Le Quartier Centre d'Art Conte,porain, Quimper, France
Du 28 janvier au 25 mars 2012
Zbynek Baladran, Rosa Barba, Juliana Borinski, Nicolas Cilins, Bruce Conner, Julien Crépieux, Raphaël Hefti, Runo Lagomarsino, Elizabeth McAlpine, Vesna Pavlovic, Steven Pippin, Florian et Michael Quistrebert, Paul Sharits
Guest curator : Marc Bembekoff
In his 1957 book "From the Closed World to the Infinite Universe" philosopher-historian Alexandre Koyré describes the perceptual shift that has taken place in our rapport with the world since the 18th century. Mapped onto the field of the visual arts, his theories enable comparisons between the closed world and the movie theatre and between the infinite universe and the exhibition space. As it leads the viewer through the twists and turns of perception, this exhibition speculates about how the moving image has been freed from its standardised setting in terms of both production and circulation : how it has broken out of the traditional movie theatre and been integrated into exhibitions in new forms that take account of the roles of the viewer and the object created.

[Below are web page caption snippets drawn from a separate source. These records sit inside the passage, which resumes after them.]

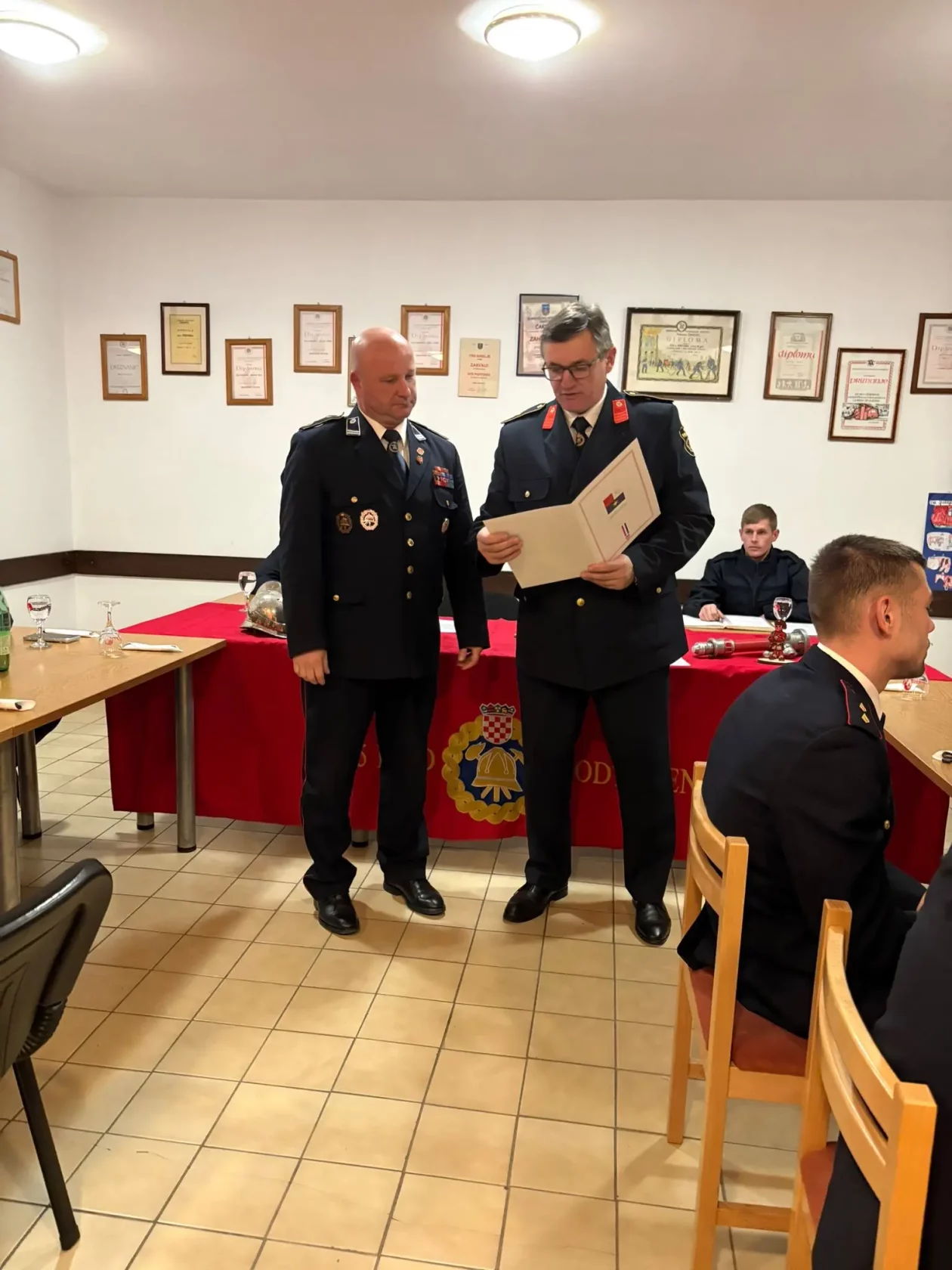 DVD Podturen (2) DVD Podturen (2)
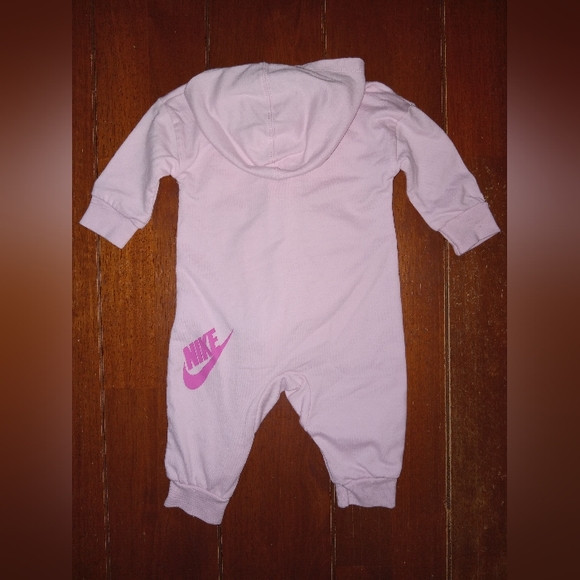 Girls Nike hooded full bodysuit - Picture 6 of 10
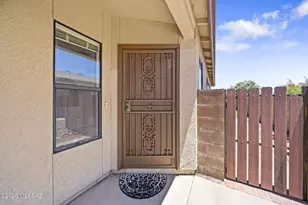 184 E Camino De Diana, Green Valley, AZ 85614 - Photo 5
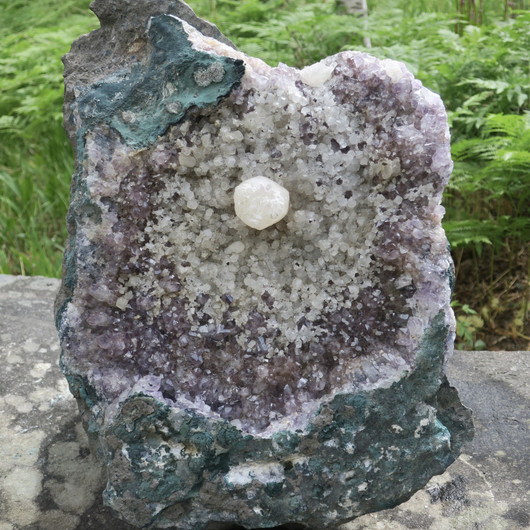 Ametisti iso kidelaatta 17,4kg jossa kalsiittia keskellä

Marc Bembekoff is a freelance exhibition curator specialising in experimental cinema. A co-founder of the Le Bureau/ exhibition curators’ collective, he is currently a curator at the Palais de Tokyo in Paris.
Untitled, (12th Istanbul Biennial), 2011
Curated by Adriano Pedrosa and Jens Hoffmann
September 17 - November 13
Istanbul, Turkey
"The visual identity and the title of the 12th Istanbul Biennial—Untitled (12th Istanbul Biennial), 2011—reference the work of the Cuban American artist Felix Gonzalez-Torres (1957–1996), one of the most important artists of the contemporary era."... "The curators of the 12th Istanbul Biennial, to remain in line with Gonzalez-Torres’s idea of “Untitled”, developed a critical position toward preconceived notions of the exhibition and did not declare the list of participating artists until the opening. Thus they proposed to prevent any possible pre-consumption of the exhibition. The 12th Istanbul Biennial aims to draw attention to the importance of the exhibition, the primary format of artistic and curatorial expression, in response to the mentality today favoring ancillary events and programming, especially in a biennial context. The biennial is precisely installed in a single, carefully constructed space, Antrepo 3 and 5, in a manner that privileges the display and juxtaposition of the artworks."
Vesna Pavlovic: Projected Histories
The Frist Center for the Visual Arts
June 24–September 11, 2011
Nashville, TN
This exhibition will include photographs taken in Vesna Pavlovic’s native Serbia and the United States over the last two decades. Focusing on sites and events of cultural significance, Pavlovic examines the power of photography to shape the perception of history as an expression of people’s dreams and aspirations by projecting and conflating self-images and national ideologies.
The exhibition begins with a selection of photographs that were taken in Serbia during the 1990s and explores the failure of utopian modernism under Communism while posing questions about the veneer of normalcy maintained during the civil war and allied bombardment. It concludes with an installation of recent works that considers the values and consumerist ideologies relating to contemporary American life.
Vesna Pavlovic’: Projected Histories is organized by the Frist Center for the Visual Arts.